However I don't mind being able to get LAN internet at a hotel that wants me to pay $24 per day for wifi when they have VoiP phones that have internet access...
I often bring a small wifi router with me, hook it up to Ethernet (often taking the TV or phone ethernet connection), then set up a local wifi that I can connect a Chromecast to. That in turn sits in the tv, of course.
That gives me internet and streamability/casting to the tv :)
Every single hotel I’ve been to in the last year or so has pitiful bandwidth, which is completely saturated after dark once everyone fires up Netflix and lets it run all night long.
Or, even better, your services need authentication and authorization even on internal network, with some sort of SSO and/or federated authentication, so it actually doesn't matter where you are. Google's own BeyondCorp initiative works kind of this way.
Getting a route to the outside internet is not such a big deal; access to internal data is.
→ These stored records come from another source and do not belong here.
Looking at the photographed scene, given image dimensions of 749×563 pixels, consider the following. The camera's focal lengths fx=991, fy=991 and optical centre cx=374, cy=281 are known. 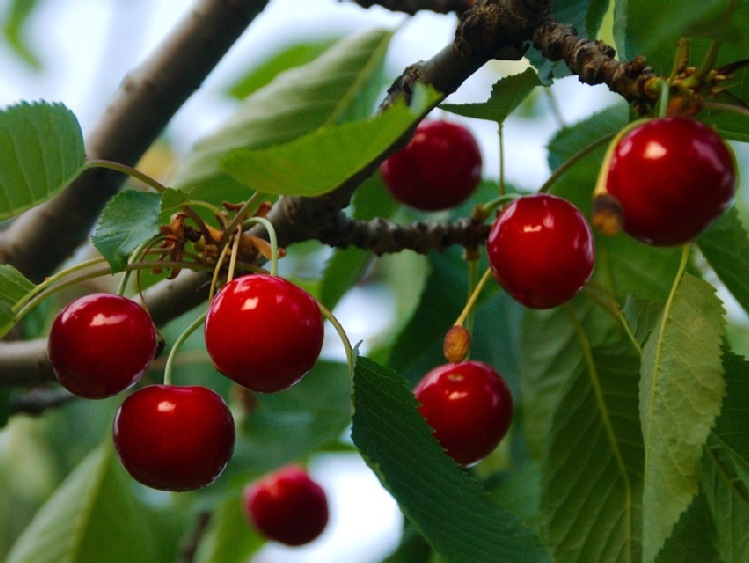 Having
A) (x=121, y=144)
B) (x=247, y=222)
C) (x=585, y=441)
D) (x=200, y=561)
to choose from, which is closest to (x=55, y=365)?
(x=247, y=222)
By the way: it's "amateur hour" if, as you say, that happens for a switch in a public/semipublic area in an office structure. On the contrary, I've seen a lot of "all-enabled" switches if those were accessible just from INSIDE the datacenter, where few people had access. It's not a really reasonable scenario.
It's amateur hour if you can just plug in any random rpi, it gets a DHCP lease, access to the company lan, and a route to the outside internet.